Architectural design and managerial control: Lefebvre, Latour and the process of enrollment

Affiliations

Architectural design and managerial control: Lefebvre, Latour and the process of enrollment

Jenn McArthur et al. Organization (Lond). .

Abstract

Organizational scholarship on architecture often applies Henri Lefebvre's conceived, perceived, and lived framework. Karen Dale and Gibson Burrell, most notably, have illustrated how architectural design exploits each of these, exerting managerial control through processes of enchantment, emplacement, and enactment. Although this "3E framework" has been productively applied to buildings from the modern and postmodern periods, its weaknesses become apparent in the current occupant-centric design period.

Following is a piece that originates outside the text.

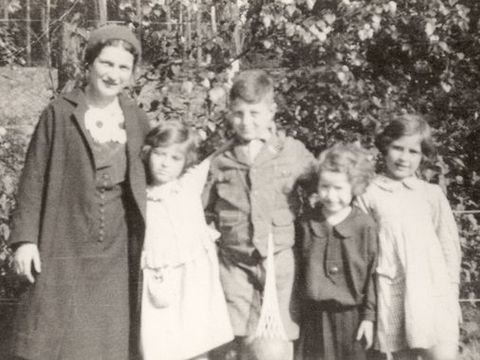 Antonie, Erwine Leavor, Rudi Leavor, Helga, Rosemarie 1935 (Bild: Fotos von Rudi Leavor, einem Freund von Hans Radziejewski, Erwine war Rudis jüngere Schwester)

Drawing on Actor Network Theory's account of translation, we propose enrollment-a 4th "E"-which enables us to better capture the nature of spatial control in the occupant-centric design period. Our 4E expanded spatial control framework recognizes the tensions that Lefebvre originally observed, tensions concealed by Dale and Burrell's otherwise rightly influential work. This expanded framework also augments our understanding of modern and postmodern periods: the dominant Building Movements of the past Century, we claim, have each engaged in a recursive enrollment of socio-political ideals.

Keywords: Actor-network theory; Lefebvre’s spatial triad; building movements; organizational space; spatial control.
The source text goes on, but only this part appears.